THE DATA:
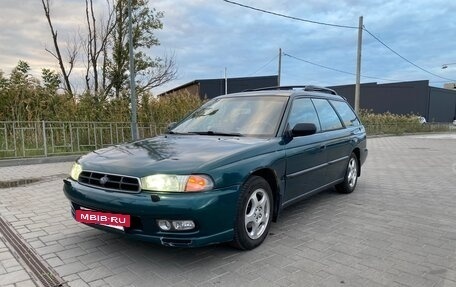 Subaru Legacy VII, 1999 год, 315 000 рублей, 23 фотография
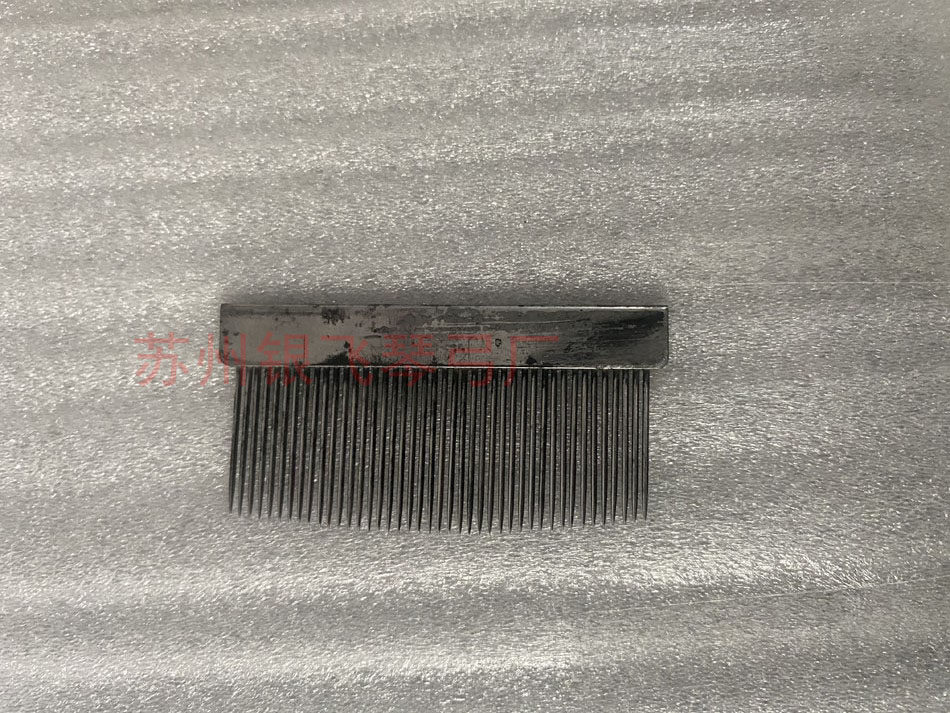 Bow Ponytail Carding Tool Special Comb Combing Tool Replacement Ponytail Tool Violin Cello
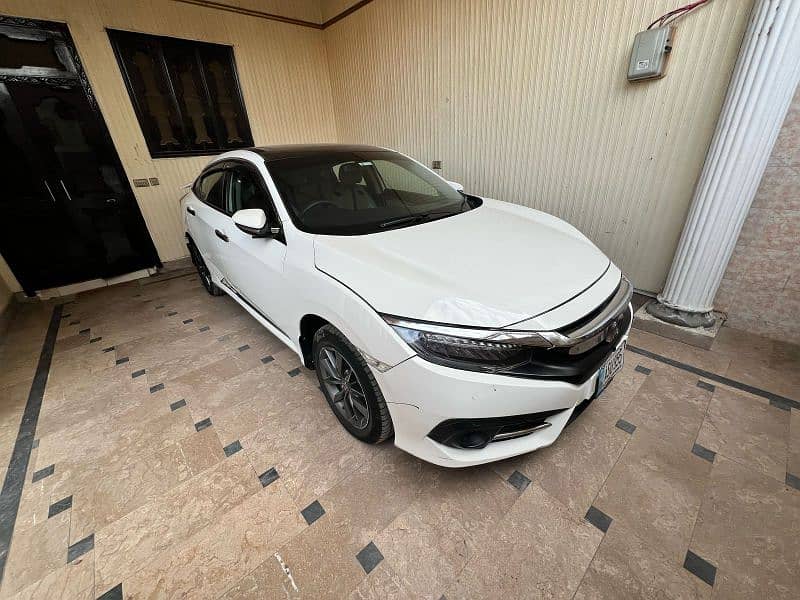 Honda Civic VTi Oriel 2022 1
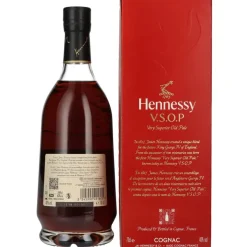 Hennessy 40 % vol 0,7 l Geschenkbox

TO DO:
This task calls for the listing to be restated exactly, with images omitted.

TASK RESULT:
 Subaru Legacy VII, 1999 год, 315 000 рублей, 23 фотография
 Bow Ponytail Carding Tool Special Comb Combing Tool Replacement Ponytail Tool Violin Cello
 Honda Civic VTi Oriel 2022 1
 Hennessy 40 % vol 0,7 l Geschenkbox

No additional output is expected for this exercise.